Yes, the technical word is precisely *negative roll yield". The topic is quite well documented and has to do with the fact the markets are mostly in contango and less frequently in backwardation.

I see… having browsed through a few commodity ETFs I have noticed that some of them provide a sort of “protection” to this negative roll yield as well as speculation. Are these ETFs less affected by contago market price of futures?

For example, I cite below the index description text of the UBS ETF (IE) CMCI Composite SF UCITS ETF (USD) A-acc ETF (CCUSAS.SW):

“The UBS Bloomberg Constant Maturity Commodity Index extends beyond short dated futures contracts and diversifies investment across the maturity curve. By providing investors with access to “Constant Maturities”, it not only gives a more continuous exposure to the asset class and avoids the speculative activity that can surround monthly rolls of traditional indices, but can also minimize exposure to negative roll yield, making the index more representative of the underlying market price movements.”

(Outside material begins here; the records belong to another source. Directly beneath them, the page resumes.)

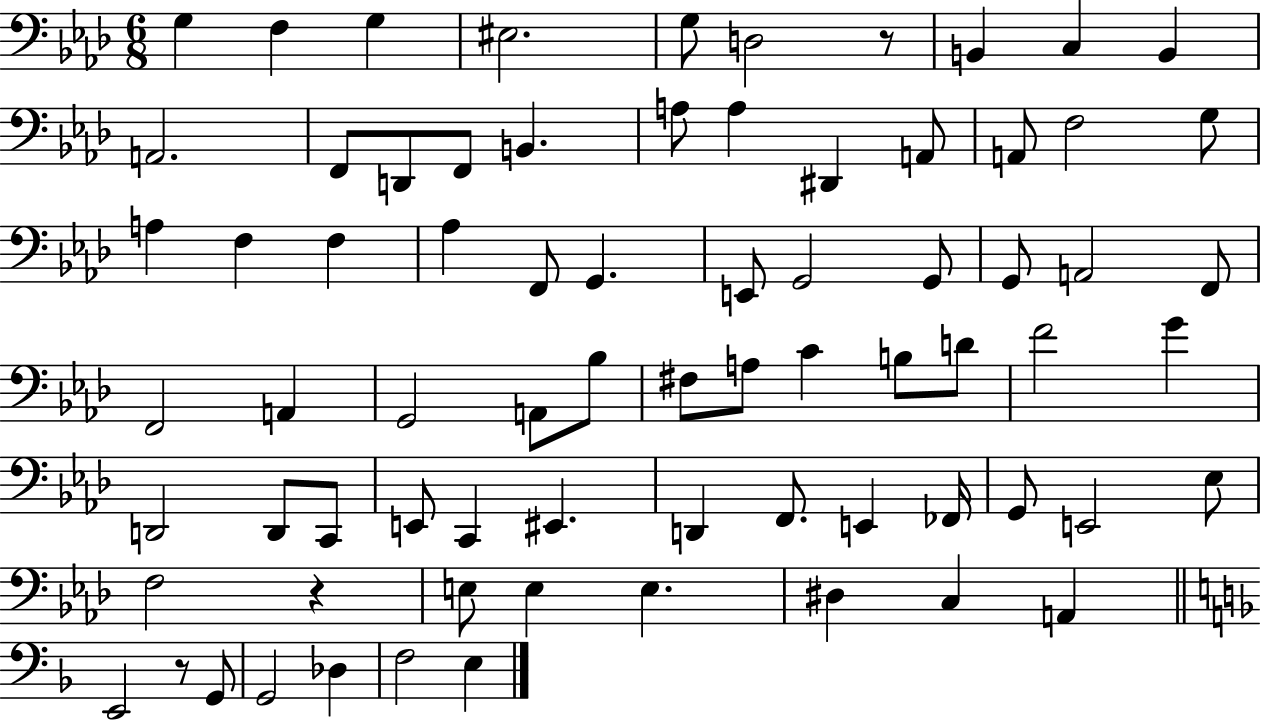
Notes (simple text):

G3/q F3/q G3/q EIS3/h. G3/e D3/h R/e B2/q C3/q B2/q A2/h. F2/e D2/e F2/e B2/q. A3/e A3/q D#2/q A2/e A2/e F3/h G3/e A3/q F3/q F3/q Ab3/q F2/e G2/q. E2/e G2/h G2/e G2/e A2/h F2/e F2/h A2/q G2/h A2/e Bb3/e F#3/e A3/e C4/q B3/e D4/e F4/h G4/q D2/h D2/e C2/e E2/e C2/q EIS2/q. D2/q F2/e. E2/q FES2/s G2/e E2/h Eb3/e F3/h R/q E3/e E3/q E3/q. D#3/q C3/q A2/q E2/h R/e G2/e G2/h Db3/q F3/h E3/q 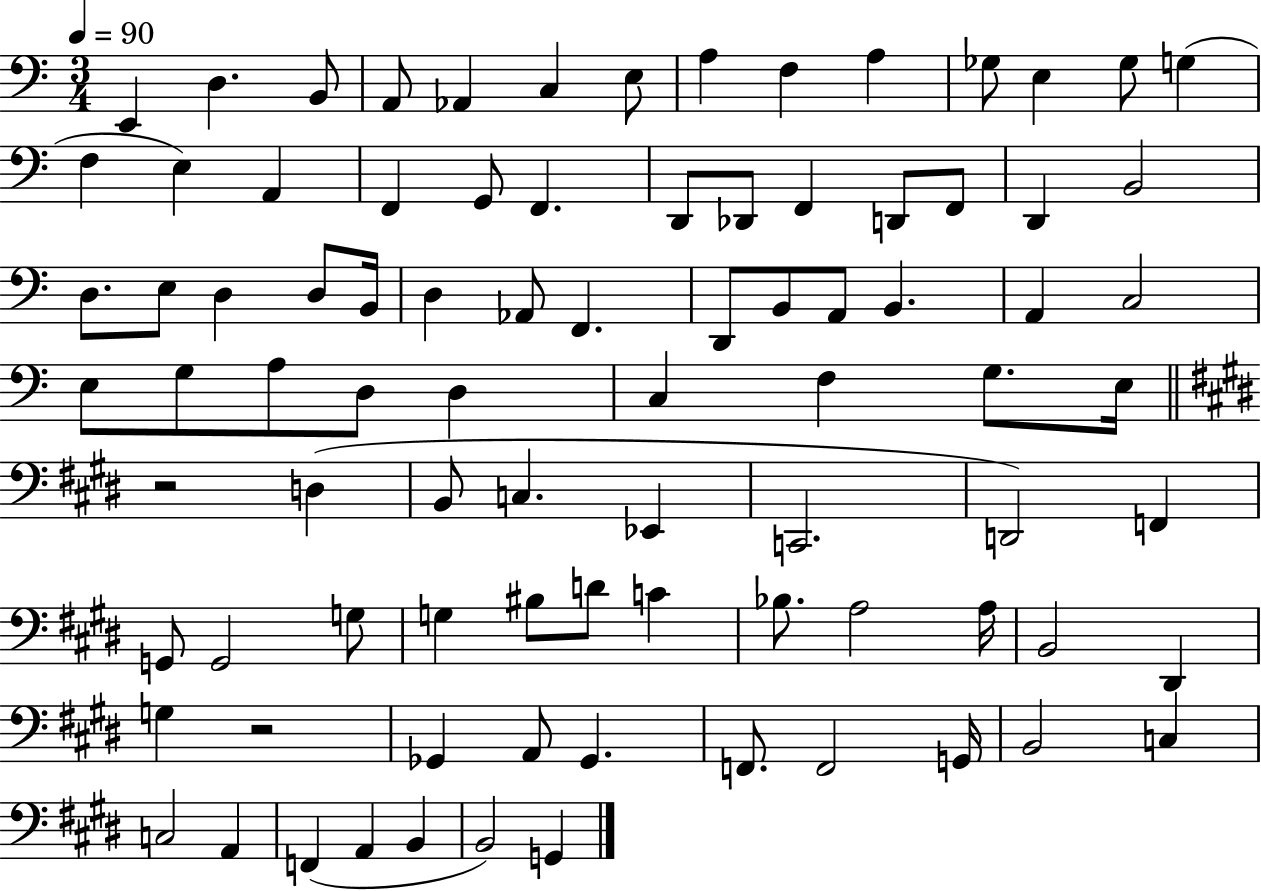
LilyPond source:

{
  \clef bass
  \numericTimeSignature
  \time 3/4
  \key c \major
  \tempo 4 = 90
  e,4 d4. b,8 | a,8 aes,4 c4 e8 | a4 f4 a4 | ges8 e4 ges8 g4( | \break f4 e4) a,4 | f,4 g,8 f,4. | d,8 des,8 f,4 d,8 f,8 | d,4 b,2 | \break d8. e8 d4 d8 b,16 | d4 aes,8 f,4. | d,8 b,8 a,8 b,4. | a,4 c2 | \break e8 g8 a8 d8 d4 | c4 f4 g8. e16 | \bar "||" \break \key e \major r2 d4( | b,8 c4. ees,4 | c,2. | d,2) f,4 | \break g,8 g,2 g8 | g4 bis8 d'8 c'4 | bes8. a2 a16 | b,2 dis,4 | \break g4 r2 | ges,4 a,8 ges,4. | f,8. f,2 g,16 | b,2 c4 | \break c2 a,4 | f,4( a,4 b,4 | b,2) g,4 | \bar "|."
} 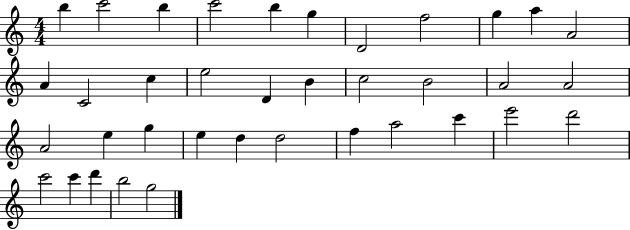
B5/q C6/h B5/q C6/h B5/q G5/q D4/h F5/h G5/q A5/q A4/h A4/q C4/h C5/q E5/h D4/q B4/q C5/h B4/h A4/h A4/h A4/h E5/q G5/q E5/q D5/q D5/h F5/q A5/h C6/q E6/h D6/h C6/h C6/q D6/q B5/h G5/h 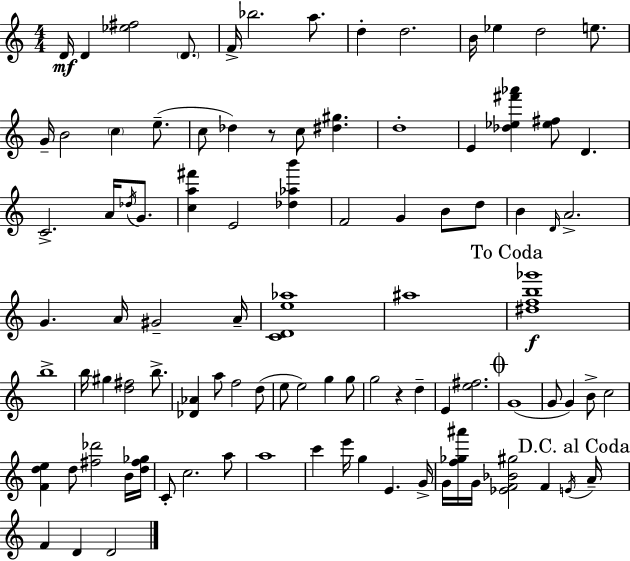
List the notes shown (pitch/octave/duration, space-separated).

D4/s D4/q [Eb5,F#5]/h D4/e. F4/s Bb5/h. A5/e. D5/q D5/h. B4/s Eb5/q D5/h E5/e. G4/s B4/h C5/q E5/e. C5/e Db5/q R/e C5/e [D#5,G#5]/q. D5/w E4/q [Db5,Eb5,F#6,Ab6]/q [Eb5,F#5]/e D4/q. C4/h. A4/s Db5/s G4/e. [C5,A5,F#6]/q E4/h [Db5,Ab5,B6]/q F4/h G4/q B4/e D5/e B4/q D4/s A4/h. G4/q. A4/s G#4/h A4/s [C4,D4,E5,Ab5]/w A#5/w [D#5,F5,B5,Gb6]/w B5/w B5/s G#5/q [D5,F#5]/h B5/e. [Db4,Ab4]/q A5/e F5/h D5/e E5/e E5/h G5/q G5/e G5/h R/q D5/q E4/q [E5,F#5]/h. G4/w G4/e G4/q B4/e C5/h [F4,D5,E5]/q D5/e [F#5,Db6]/h B4/s [D5,F#5,Gb5]/s C4/e C5/h. A5/e A5/w C6/q E6/s G5/q E4/q. G4/s G4/s [F5,Gb5,A#6]/s G4/s [Eb4,F4,Bb4,G#5]/h F4/q E4/s A4/s F4/q D4/q D4/h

Source: UBS ETF (IE) CMCI Composite SF UCITS ETF (USD) A-acc | 11926603 | UBS Switzerland

Bla Bla Bla…
A curve tells more than thousands words

The rise since the covid crisis is due to a shortage of natural ressources.
No, home office does not produce any steel.
But on the long run (for a typical passive investor) this product is mostly loosing value.
Happy investing!

Yeah, I see your point, short-term one might be able to get some profits out of commodities due to some external factors (e.g. pandemic) but on the long-term it does not make any sense for us passive and long-term investors as it is loosing money due to futures prices being mostly contango. I think I will simply stay away from commodities.

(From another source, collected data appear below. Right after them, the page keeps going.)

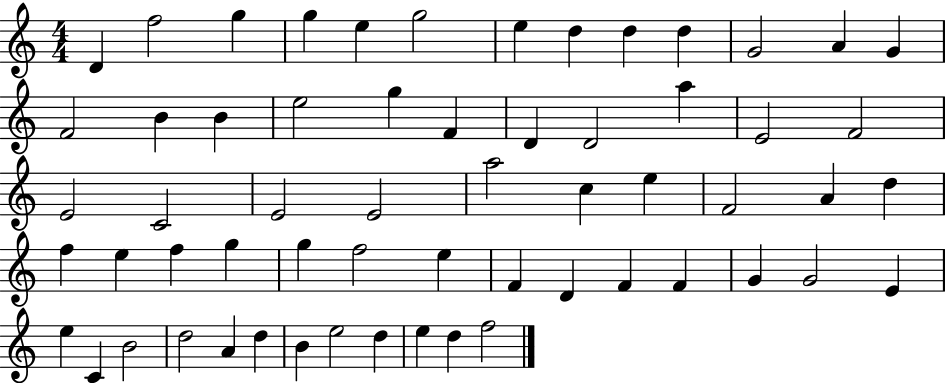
X:1
T:Untitled
M:4/4
L:1/4
K:C
D f2 g g e g2 e d d d G2 A G F2 B B e2 g F D D2 a E2 F2 E2 C2 E2 E2 a2 c e F2 A d f e f g g f2 e F D F F G G2 E e C B2 d2 A d B e2 d e d f2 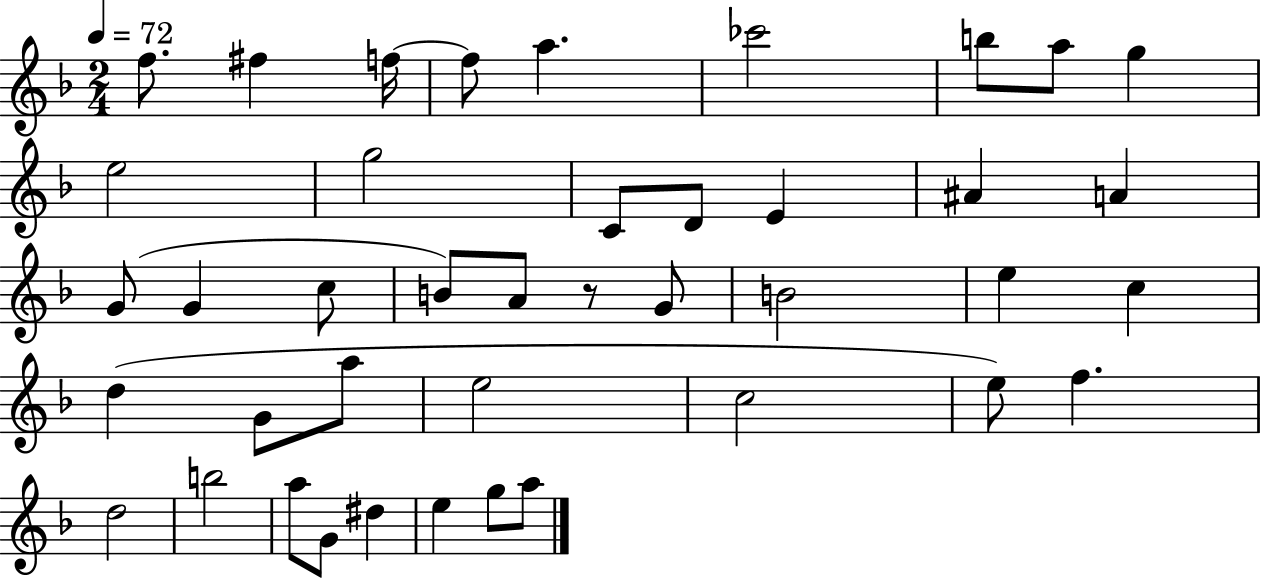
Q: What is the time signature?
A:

For the fun of it I found the “marketing” factsheet PDF regarding how the UBS Bloomberg CMCI index tries to tackle the negative roll yield issue:

I like the curve increasing for short duration but decreasing for longer duration.
In this example: A curve lies more than thousands words.

Yeah, it serves them quite well to have depicted that line in the graph 3 times longer for the price decrease (backwardation) than for the price increase (contango).

Also I don’t quite get the logic on the top right graph with the numbers 1 to 4 because based on their graph they show an example with buy in point 1 which is later in time (based on the X axis) than the sell point 3. It does not respect their time to expiration X axis… but maybe it’s me not understanding it.

This UBS fund doesn’t “tackle” roll yield. They are just reweighting monthly, roll small amounts frequently to avoid low liquidity issues, diversify across tenors for more diversified exposure and liquidity. Fine ideas but you will still run into the big problem of long term commodity exposure.

Roll yield is more complex than that Investopedia/UBS definition. You pay it every day while holding a futures contract not when rolling to a new one.

A better way of thinking about it is just as the cost of carry of the underlying commodity. If you are holding and rolling oil contracts in perpetuity then the implicit cost of storing that oil, insuring it, financing it, etc. is being deducted from the future contract value each day.

These markets are only really directionally tradeable with shorter term trends. For that you need to spend your career understanding global flows and probably be working at a big firm with insight into proprietary data.

As a retail/passive investor forget about commodities.


Thanks for your explanations, it is an interesting topic and always happy to learn something new. Although the digger I deep into this topic the less likely I find it a suitable investment for us all. The only way to get some return out of this asset class seems to be short-term and based on an external factor.